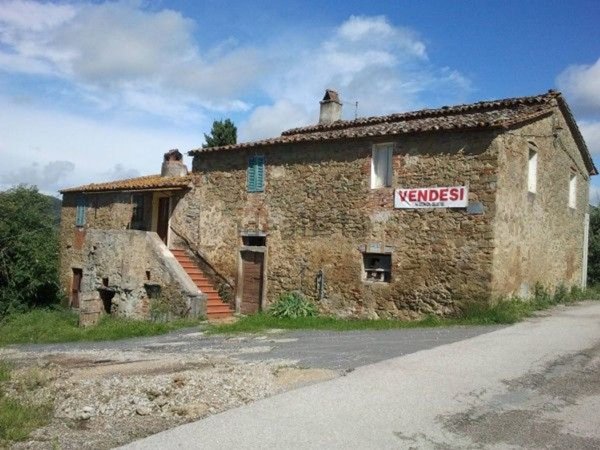 casale in vendita a Tuoro sul Trasimeno
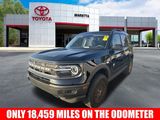 Used 2022 Ford Bronco Sport Big Bend image 3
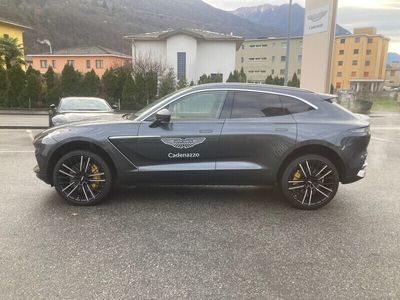 Gebraucht Aston Martin DBX 551 PS (405 kW) 2023 SUV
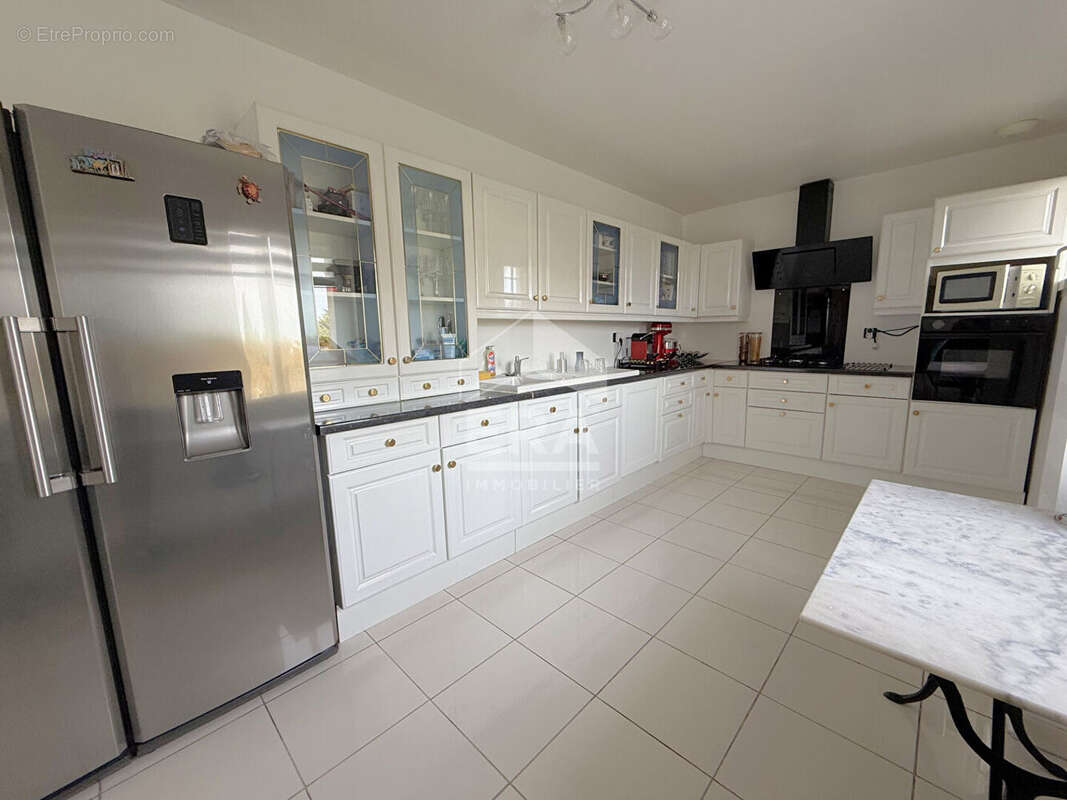 Maison à LA CHAPELLE-GAUTHIER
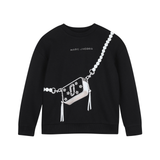MARC JACOBS SWEATSHIRT (2-12+)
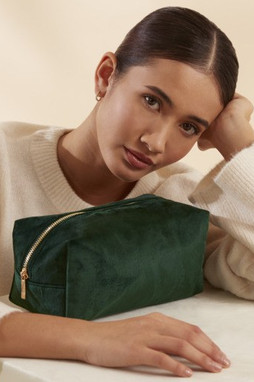 BAG BASE BG716 - Pochette en velours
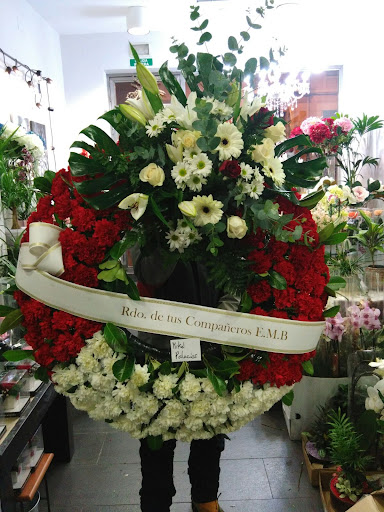 Floristeria Rossas Trapagaran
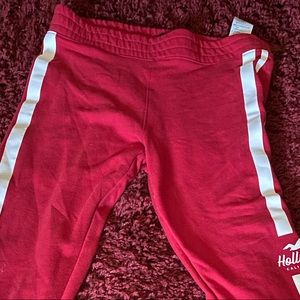 Ultra High Rise Fleece Leggings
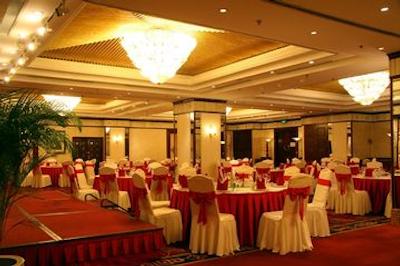 پرایم هتل بیجینگ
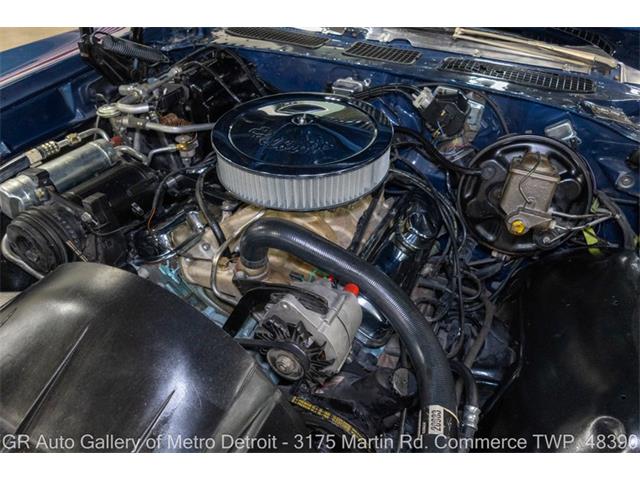 1969 Pontiac GTO (CC-2107882) for sale in Kentwood, Michigan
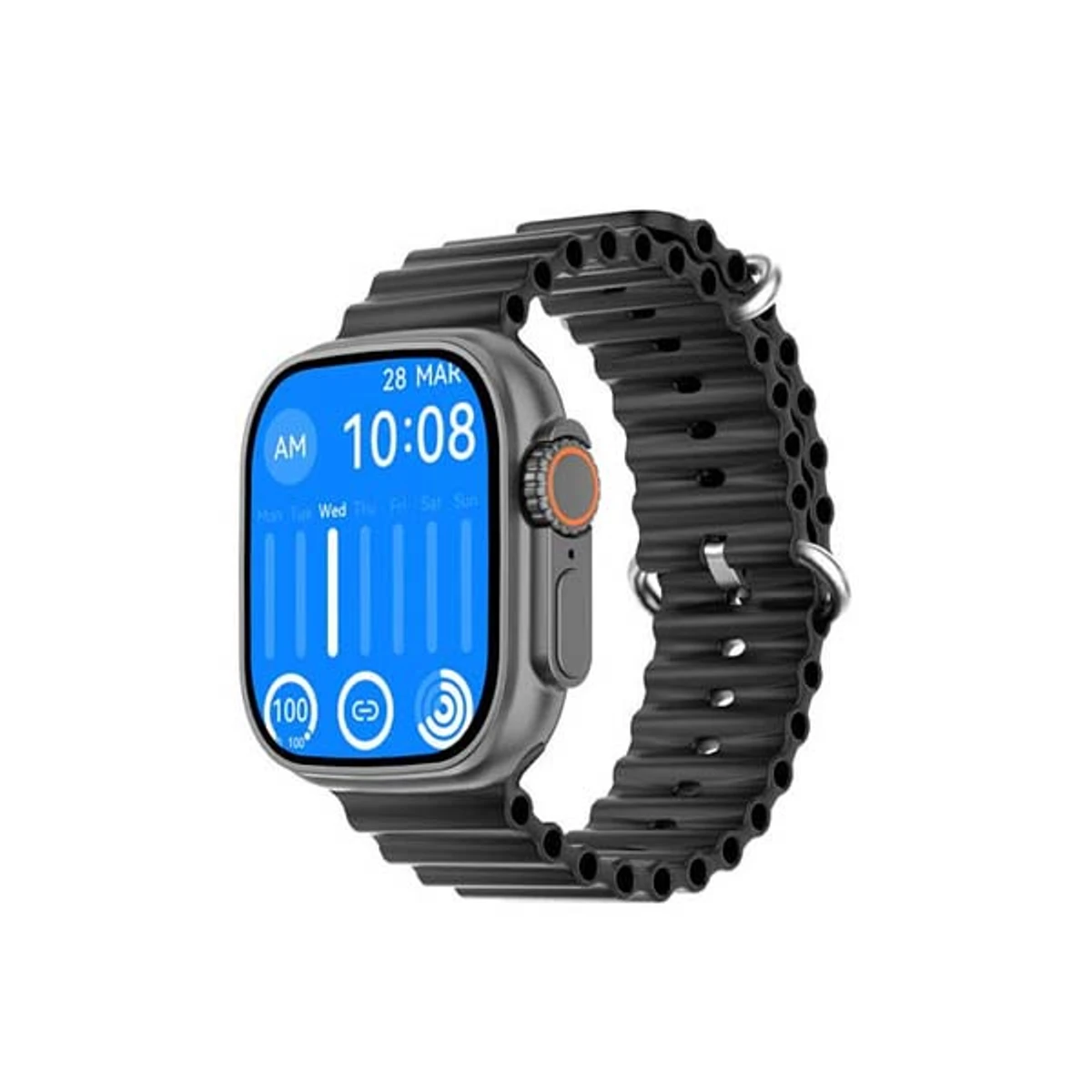 CD8 Ultra – Smart watch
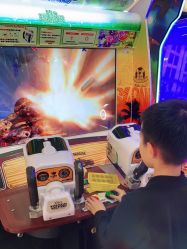 -meland·儿童乐园·游戏厅娃娃机·电玩Xbox(成都合生汇店)
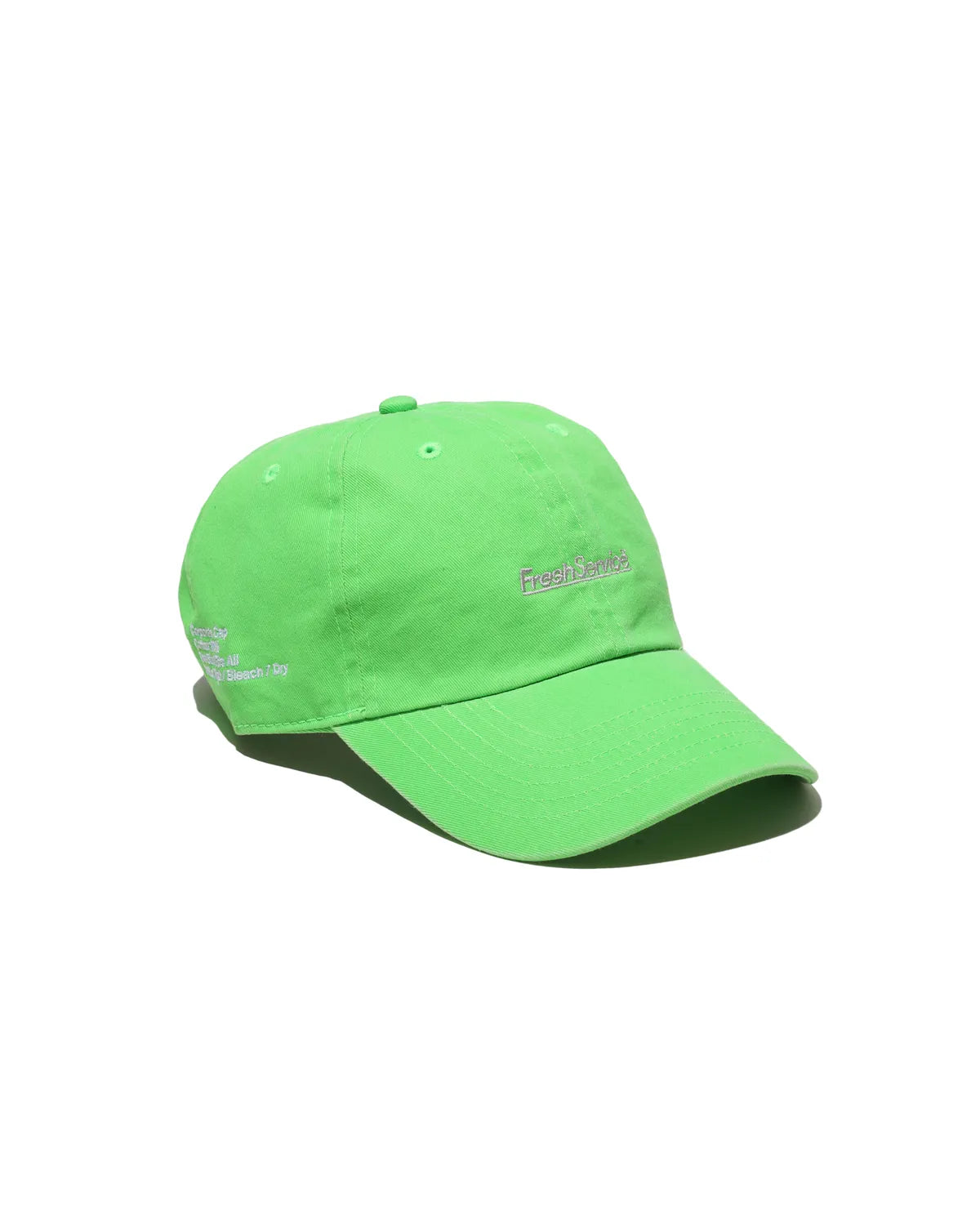 FreshService / CORPORATE CAP (FSP262-90052B)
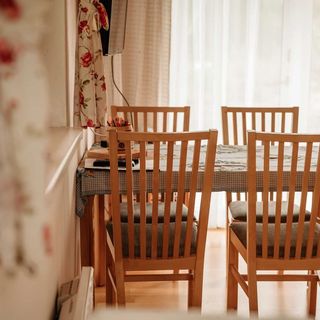 Chata U svahu Němčičky (4)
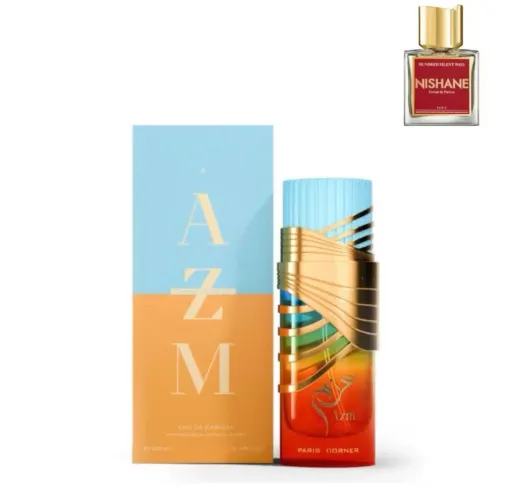 Perfumes importados e árabes com preços especiais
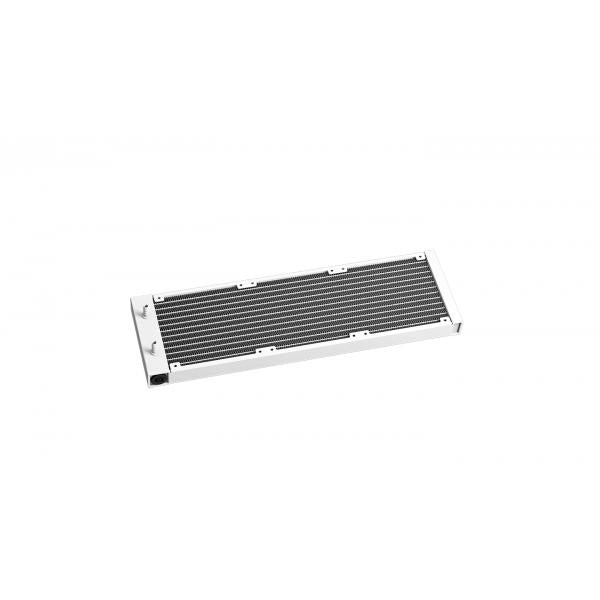 DEEPCOOL RAFF. LIQUIDO LT720WH R-LT720-WHAMNF-G-1
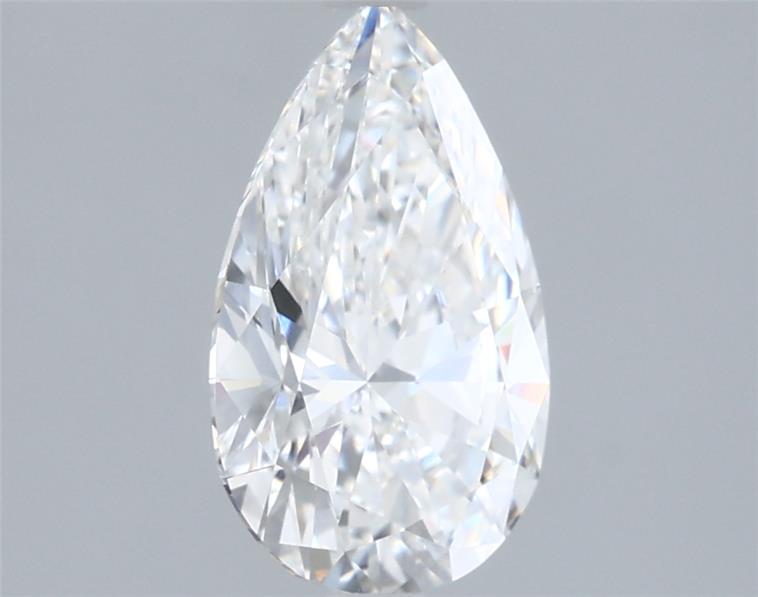 1.52 Carat Pear Lab Diamond :: 360 spin frame 04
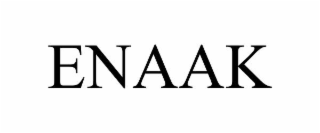 enaak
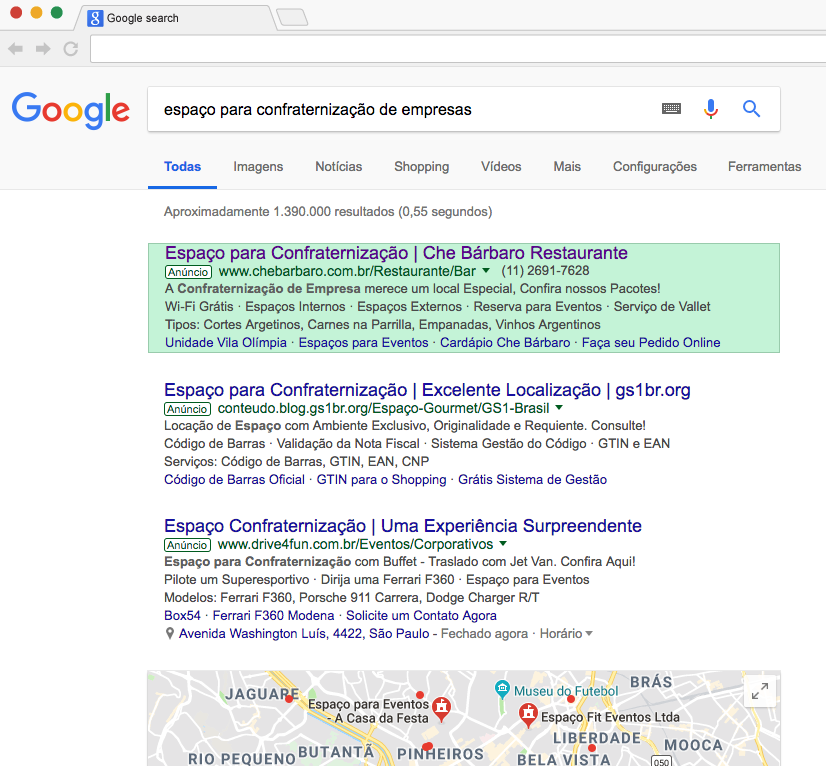 case marketing digital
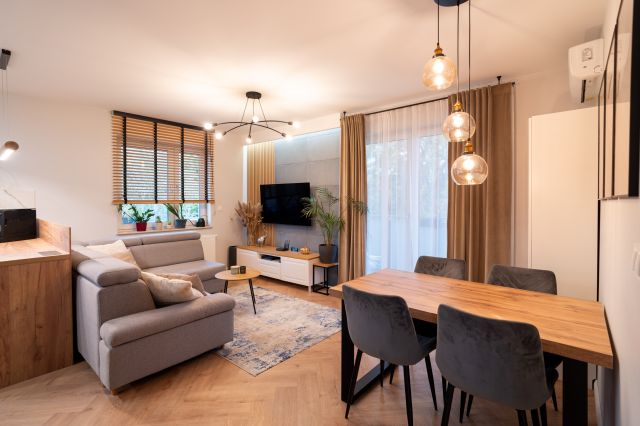 Mieszkanie 3-pokojowe Wrocław Swojczyce, ul. Chałupnicza. Zdjęcie 1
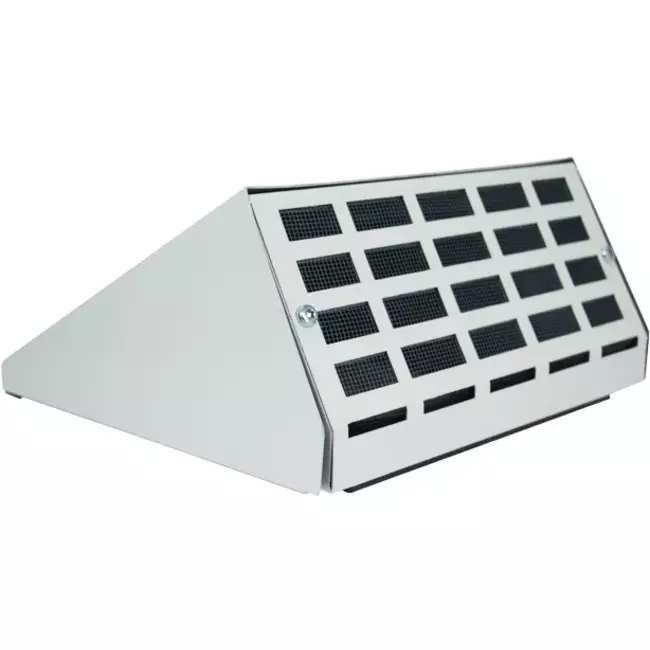 WTW decentralizzato HRU a parete Ø150 con 60 m³/h - HRU-WALL-150-60-PEG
------------------------------
== Instructions to follow ==
What is needed is an exact copy of all the records, minus any pictures.

== Written solution ==
 casale in vendita a Tuoro sul Trasimeno
 Used 2022 Ford Bronco Sport Big Bend image 3
 Gebraucht Aston Martin DBX 551 PS (405 kW) 2023 SUV
 Maison à LA CHAPELLE-GAUTHIER
MARC JACOBS SWEATSHIRT (2-12+)
 BAG BASE BG716 - Pochette en velours
 Floristeria Rossas Trapagaran
 Ultra High Rise Fleece Leggings
 پرایم هتل بیجینگ
 1969 Pontiac GTO (CC-2107882) for sale in Kentwood, Michigan
 CD8 Ultra – Smart watch
 -meland·儿童乐园·游戏厅娃娃机·电玩Xbox(成都合生汇店)
 FreshService / CORPORATE CAP (FSP262-90052B)
 Chata U svahu Němčičky (4)
 Perfumes importados e árabes com preços especiais
 DEEPCOOL RAFF. LIQUIDO LT720WH R-LT720-WHAMNF-G-1
 1.52 Carat Pear Lab Diamond :: 360 spin frame 04
 enaak
 case marketing digital
 Mieszkanie 3-pokojowe Wrocław Swojczyce, ul. Chałupnicza. Zdjęcie 1
 WTW decentralizzato HRU a parete Ø150 con 60 m³/h - HRU-WALL-150-60-PEG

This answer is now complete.